REPUBLIKA.CO.ID, SEMARANG -- Usahawan muslim merupakan komunitas strategis dalam membangun peradaban berbasis wakaf. Hal ini tak terlepas dari potensi wakaf yang belum dioptimalkan sebagai pilar ekonomi umat.
Hal ini terungkap dalam Wakaf Business Forum (WBF) Semarang, yang digelar di Hotel Pandanaran, Semarang, Jawa Tengah, Rabu (22/11). President Director Global Wakaf Corporation, Imam Teguh Saptono dalam forum ini memaparkan, wakaf --saat ini--merupakan pilar ekonomi umat yang terabaikan di tengah-tengah umat Muslim Indonesia.
Sadar situasi akan perlambatan ekonomi yang terjadi di negeri ini, sangat perlu diupayakan solusi yang sistematik. Yakni mengembalikan peran wakaf sebagai pilar ekonomi umat, melalui para usahawan Muslim.
Karena, posisi usahawan Muslim untuk menggerakkan wakaf produktif cukup strategis, dia berharap, melalui peran usahawan Muslim ini bisa meluas dan menjadi gerakan nasional, Indonesia berwakaf.
"Sehingga pada saatnya, wakaf bukan saja memulihkan perekonomian dalam negeri, namun juga berpotensi membangun peradaban yang lebih berperikemanusiaan di negeri ini," ungkap Imam dalam rilis yang diterima Republika.co.id, Kamis (23/11).
Di hadapan lebih dari 100 orang usahawan Muslim Kota Semarang dan sekitarnya, Imam menekankan, wakaf dalam konotasi produktif, bukan saja ditunaikan. Melainkan dikelola dalam bentuk bisnis secara profesional agar produktivitasnya berkesinambungan.
Disebut pilar ekonomi, karena dari manajemen wakaf produktif ini telah terbukti mampu mengatasi persoalan umat. Sejumlah krisis kemanusiaan dapat teratasi melalui pemanfaatan hasil keuntungan aset-aset wakaf.
Mantan Direktur Utama BNI Syariah ini mencontohkan, fakta- fakta persoalan umat yang ada di negeri ini. Antara lain kondisi Indonesia yang masih mengimpor garam, singkong, ikan, cabai dan banyak komoditas masyarakat lainnya yang dipenuhi dengan mendatangkan dari luar negeri.
"Kita impor komoditi itu semua, karena petani garam, petani singkong, nelayan, petani cabai kita tidak mampu berhadapan dengan skim pembiayaan bank," tegasnya.

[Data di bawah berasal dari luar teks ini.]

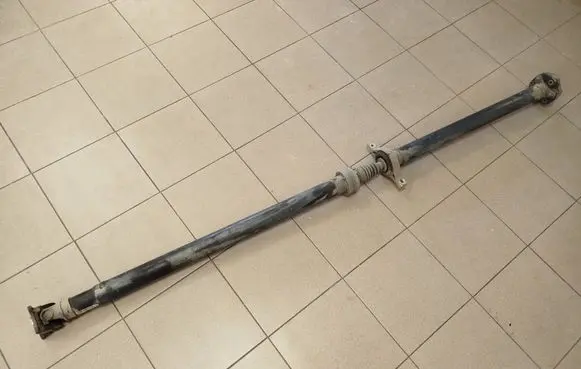 KIA Sorento Drive shaft (set) 493002P100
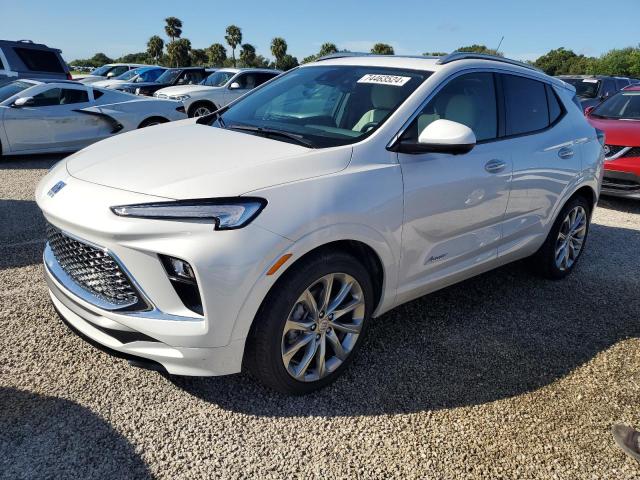 BUICK ENCORE GX 2024 con VIN KL4AMFSL2RB178801 - Foto de la subasta
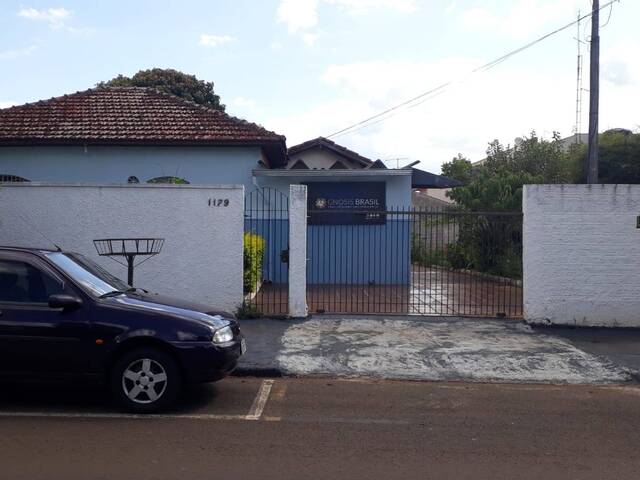 #291 - Casa para Venda em Arapongas - PR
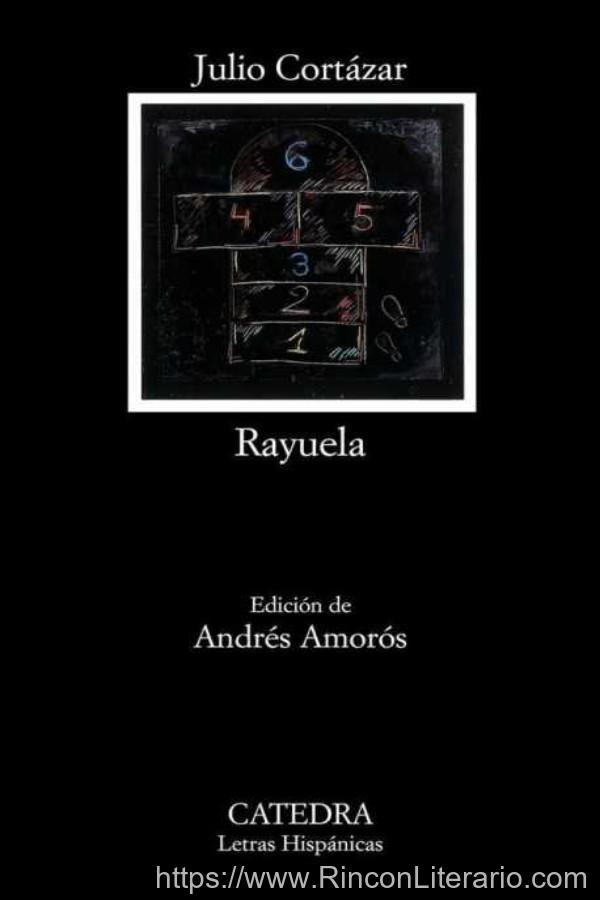 Rayuela (Ed. Andrés Amorós)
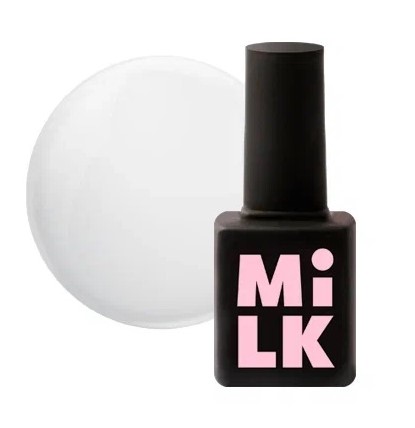 Жидкий полигель Liquid Polygel №02 Snowdrop, 9мл Milk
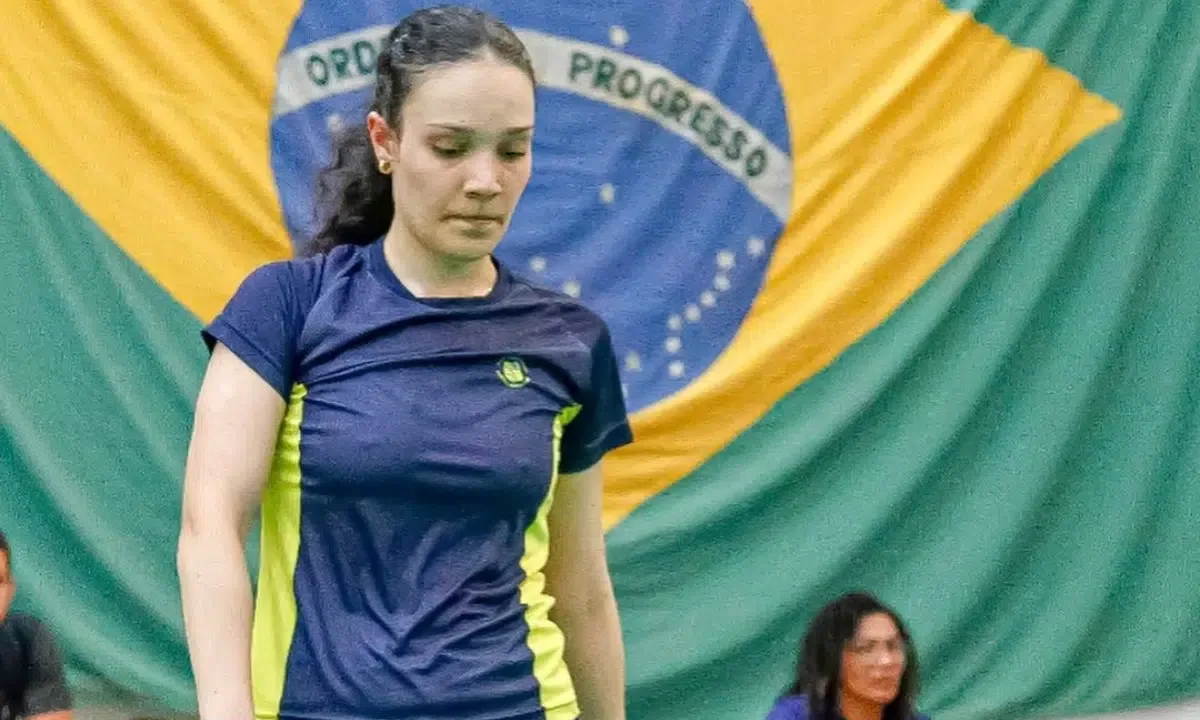 Brasil vence na estreia do Internacional do Japão de Parabadminton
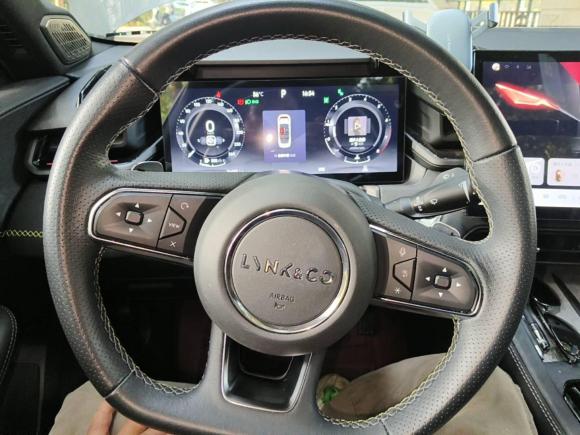 [苏州·苏U] 二手领克领克032023款 1.5TD DCT劲Pro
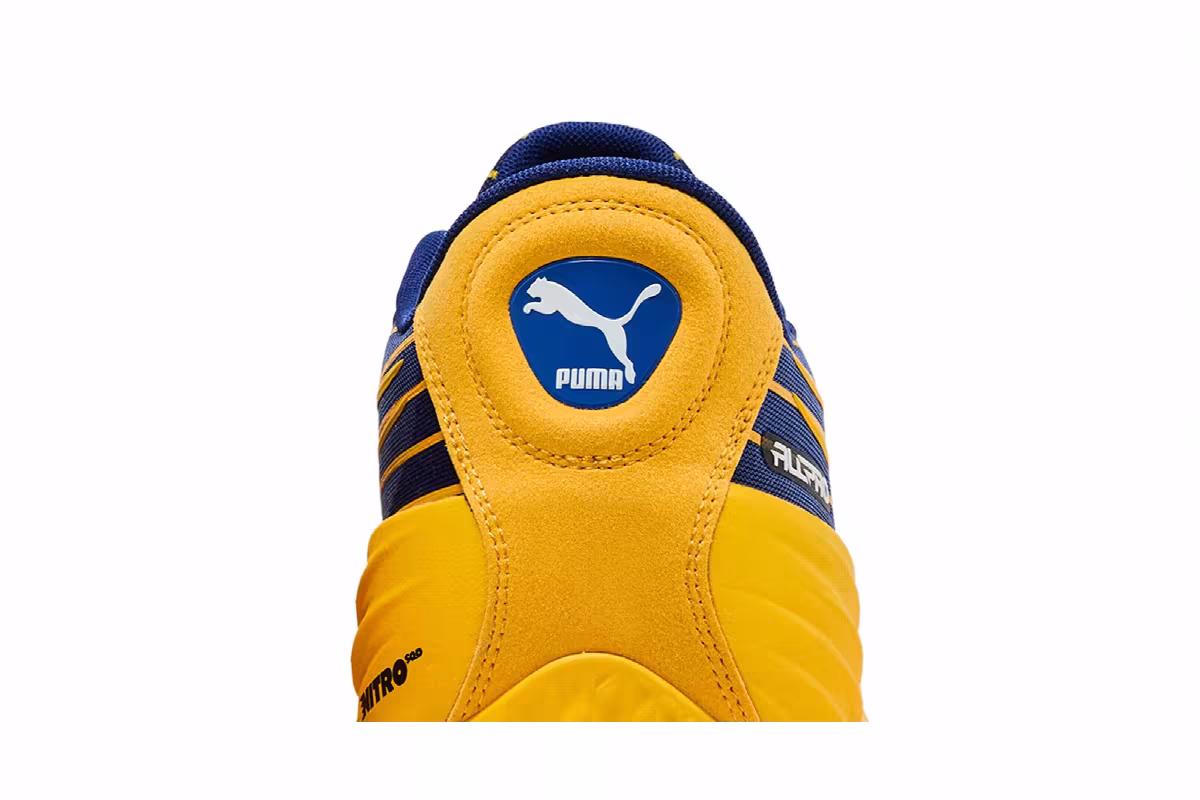 Tyrese Haliburton x Puma All-Pro Nitro Indiana Pacers, view 8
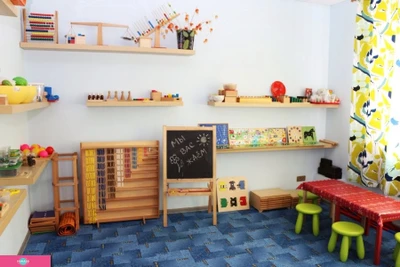 "Джамбо", детский развивающий центр в Калининском районе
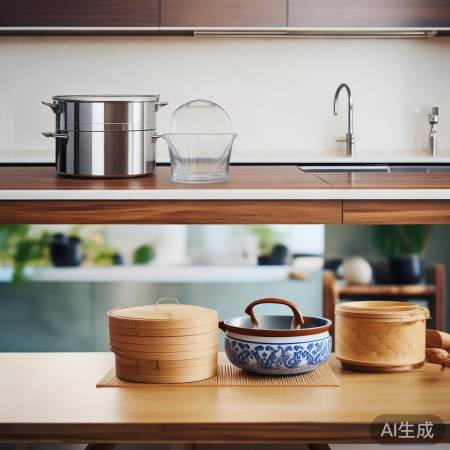燃气灶完美搭配：专用蒸锅砂锅选购攻略
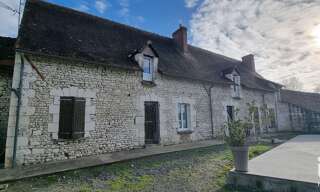 Maison 6 Pièces 237 m² à vendre à Maillé (37800)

Sementara itu, WBF di Semarang ini juga dihangatkan dengan inspiring speech oleh President ACT and Global Islamic Philanthropy, Ahyudin serta nara sumber lain, seperti Komisioner Badan Wakaf Indonesia dan Business Director of Global Wakaf Corporation, JE Robbyantono.
Ahyudin menggugah dengan paparan makro The Power of Wakaf yang diyakini dengan pengelolaan yang prudent dan inovatif-produktif bakal sanggup mengembalikan kejayaan Indonesia. "Kita tidak ingin membiarkan Pemerintah sibuk berutang, saat umat sibuk menolong berbagai krisis di Tanah Air maupun dunia. Umat hebat berwakaf, menjadi solusi segenap krisis kemanusiaan," tandasnya.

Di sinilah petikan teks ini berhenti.